| Data excerpts |
=== Begin Enclosure ===

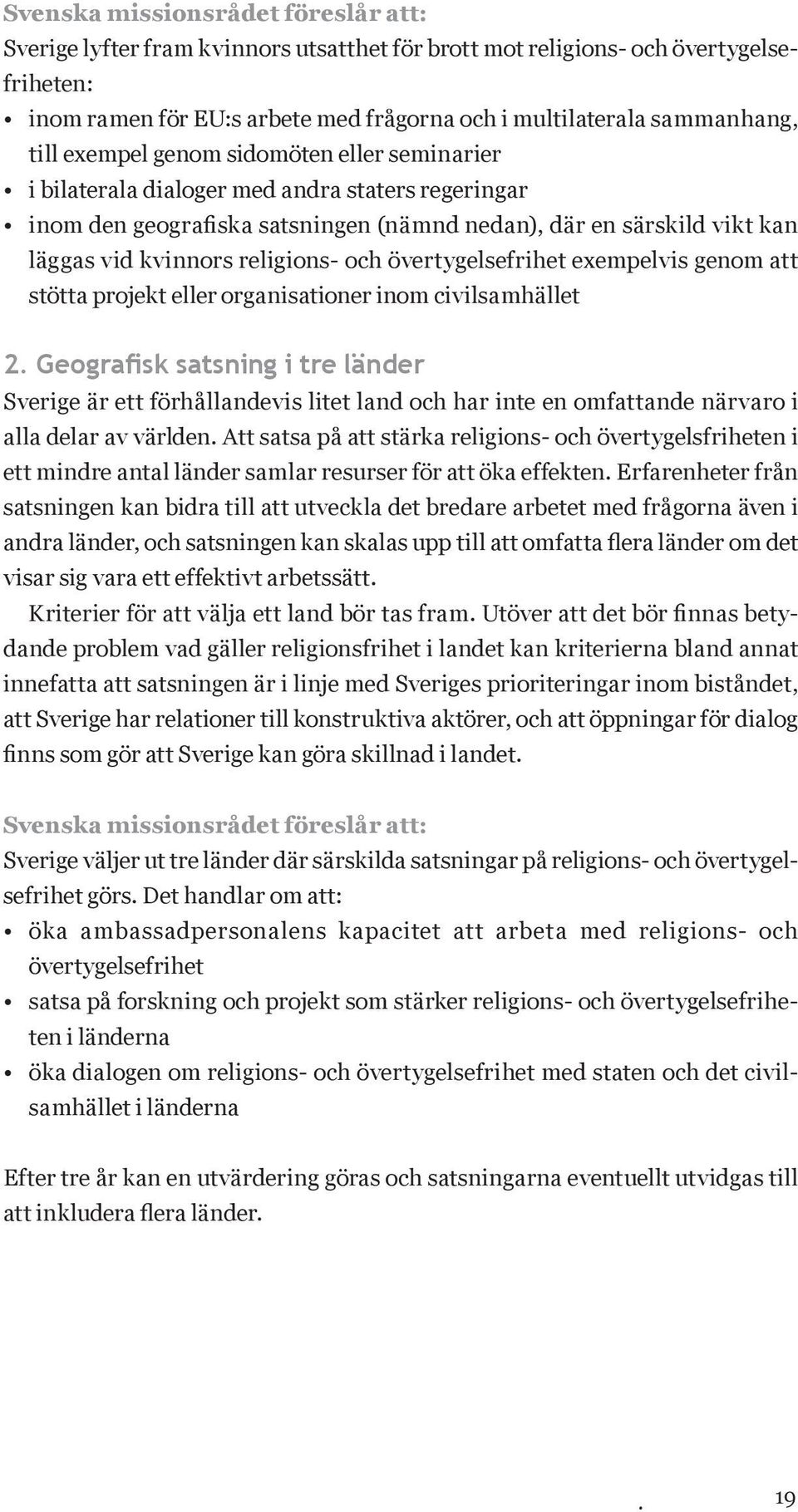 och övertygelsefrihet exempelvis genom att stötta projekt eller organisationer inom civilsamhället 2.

=== End Enclosure ===
=== Begin Enclosure ===

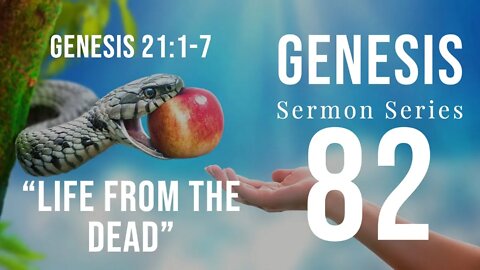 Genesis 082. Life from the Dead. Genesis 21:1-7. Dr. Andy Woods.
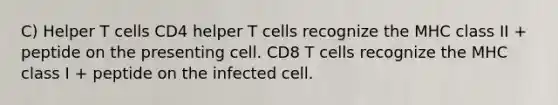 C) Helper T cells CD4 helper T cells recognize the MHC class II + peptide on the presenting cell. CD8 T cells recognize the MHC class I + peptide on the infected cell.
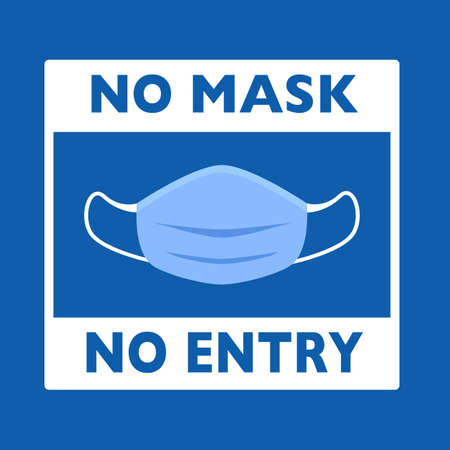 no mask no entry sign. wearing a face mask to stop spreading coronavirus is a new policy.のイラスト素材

=== End Enclosure ===

| Instructions for the task |
In the listing above, find the line with "Genesis 082. Life" and the line with "no mask no entry". Copy exactly those lines and all between them, minus the images.

| Result for this exercise |
 Genesis 082. Life from the Dead. Genesis 21:1-7. Dr. Andy Woods.
 C) Helper T cells CD4 helper T cells recognize the MHC class II + peptide on the presenting cell. CD8 T cells recognize the MHC class I + peptide on the infected cell.
 no mask no entry sign. wearing a face mask to stop spreading coronavirus is a new policy.のイラスト素材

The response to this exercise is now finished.